### [TASK OBJECTIVE]
Please give back all the records exactly, but keep the pictures out.

Short web captions:
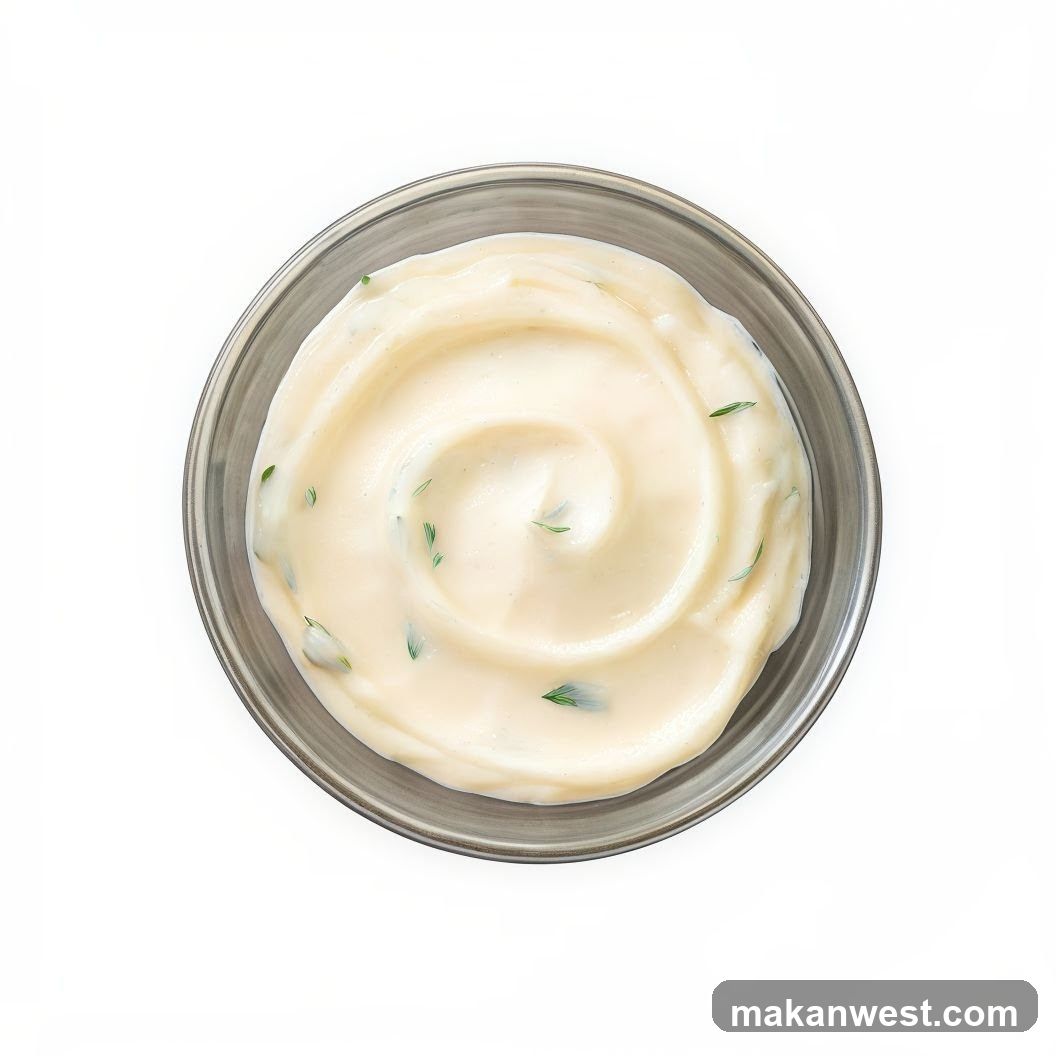 Creamy Sauce in a Bowl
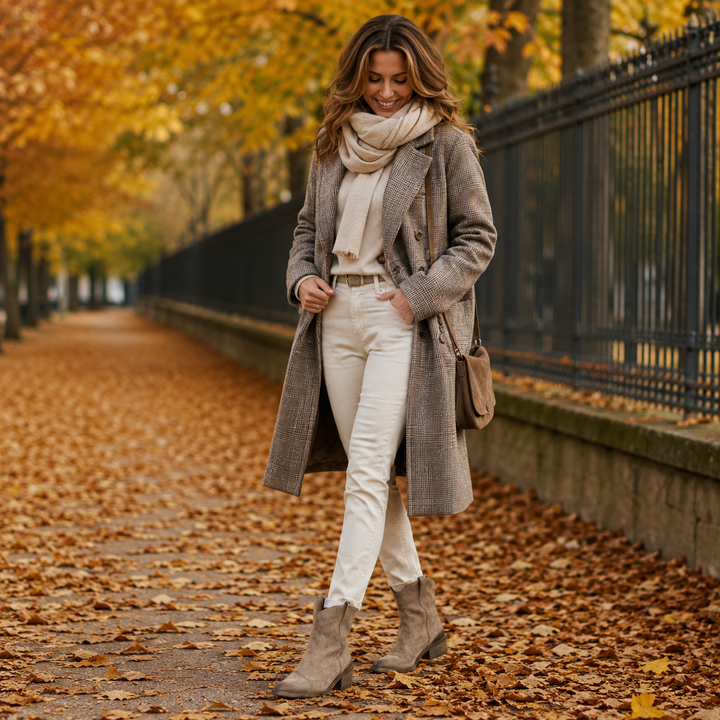 Avelina - Botins premium de salto baixo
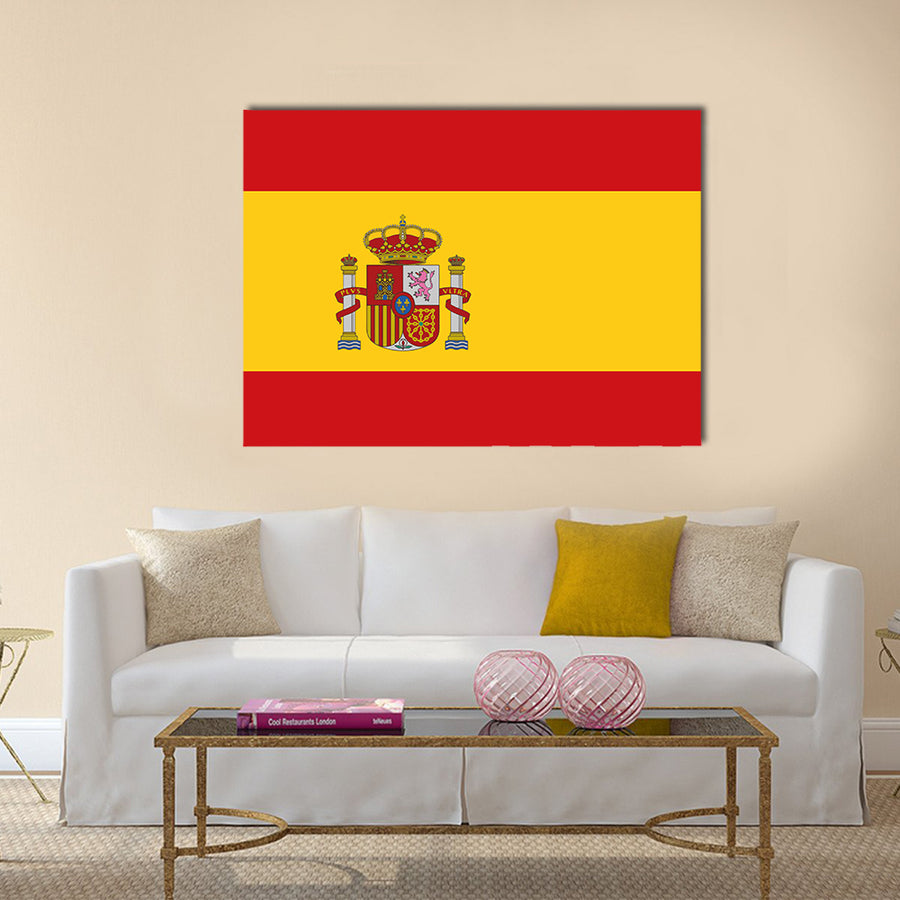 Flag of Spain Multi Panel Canvas Wall Art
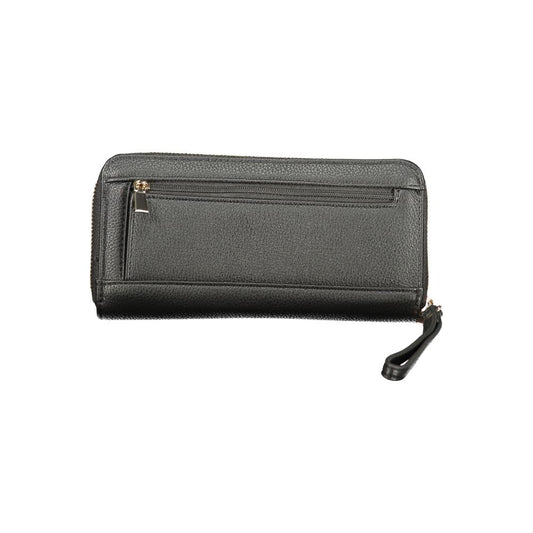 Portefeuille Guess Jeans Noir en Polyuréthane pour Femme
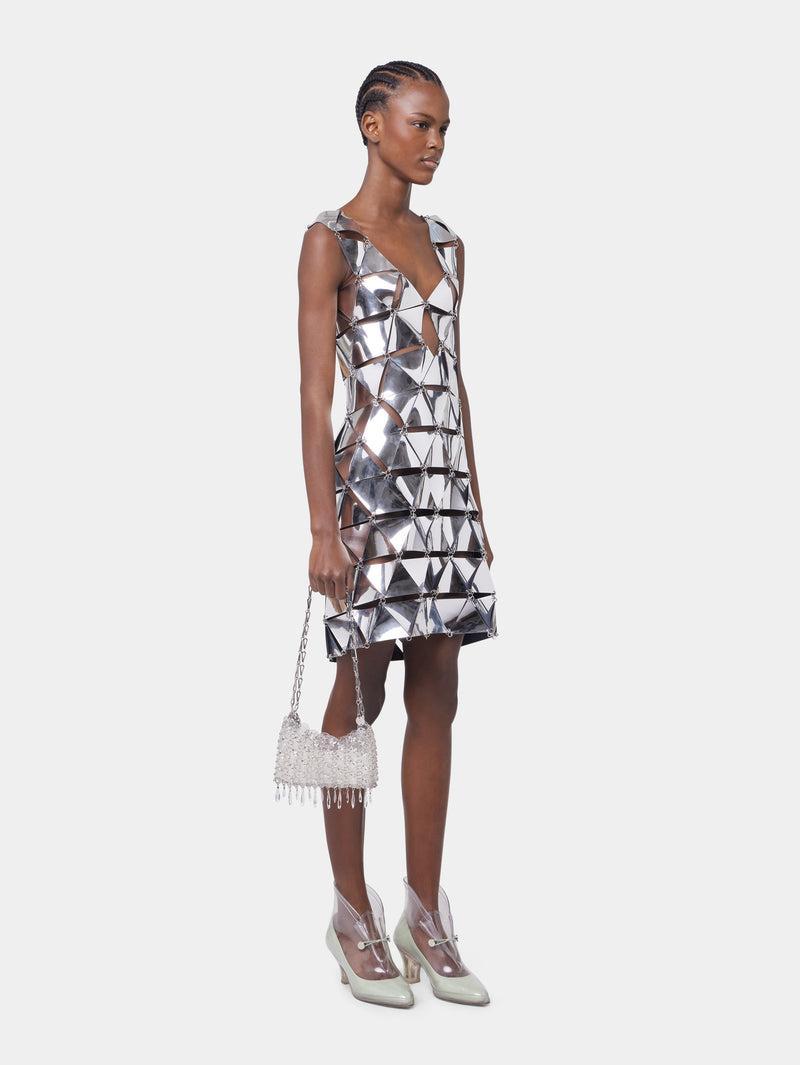 SILVER SHORT DRESS IN ASSEMBLY Product Image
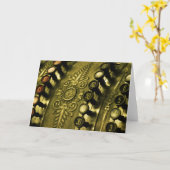 Antiek kasregister kaart (Gele Bloem)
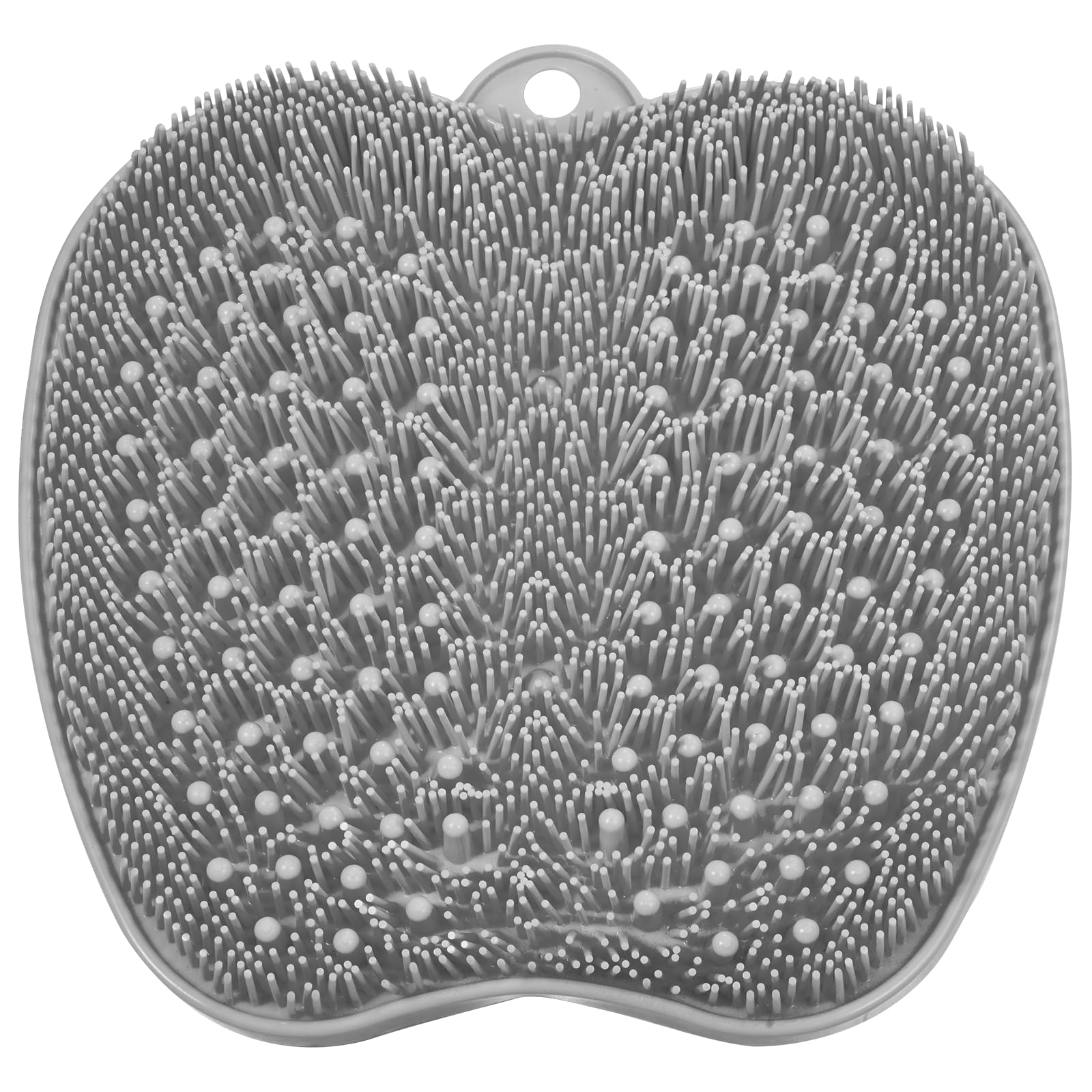 BESKAR Shower Foot Scrubber XL Larger Size Mat with Non-Slip Suction Cups - Cleans, Smooths, Exfoliates & Massages Your Feet Without Bending, Improve Foot Circulation & Cleaner Dead Skin Remover Gray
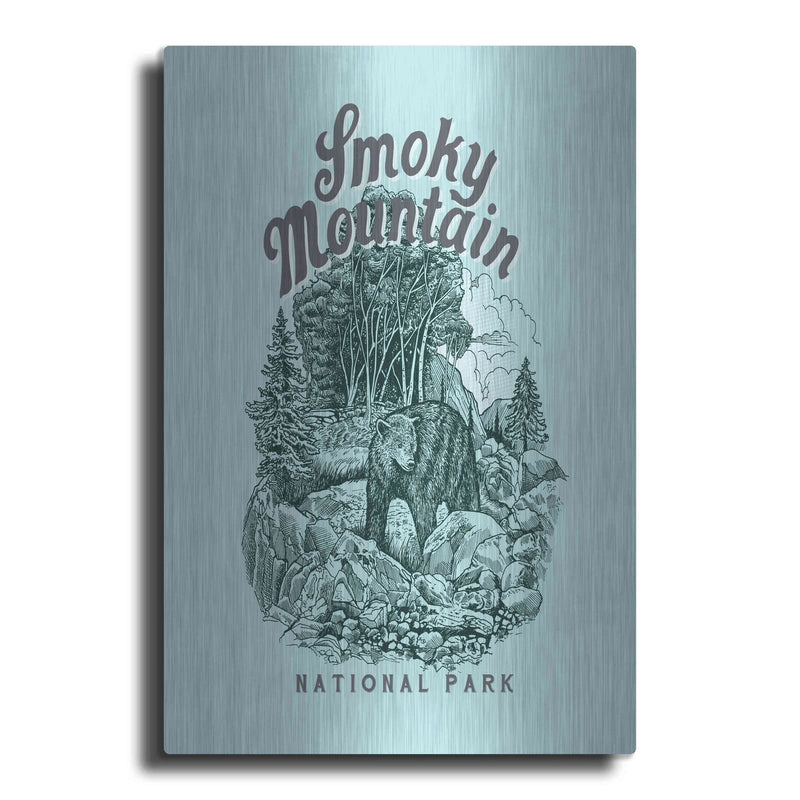 'Smokies' by Rachel Caldwell – Metal Wall Art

### [RESULT OF THE TASK]
 Creamy Sauce in a Bowl
 Avelina - Botins premium de salto baixo
 Flag of Spain Multi Panel Canvas Wall Art
 Portefeuille Guess Jeans Noir en Polyuréthane pour Femme
 SILVER SHORT DRESS IN ASSEMBLY Product Image
 Antiek kasregister kaart (Gele Bloem)
 BESKAR Shower Foot Scrubber XL Larger Size Mat with Non-Slip Suction Cups - Cleans, Smooths, Exfoliates & Massages Your Feet Without Bending, Improve Foot Circulation & Cleaner Dead Skin Remover Gray
 'Smokies' by Rachel Caldwell – Metal Wall Art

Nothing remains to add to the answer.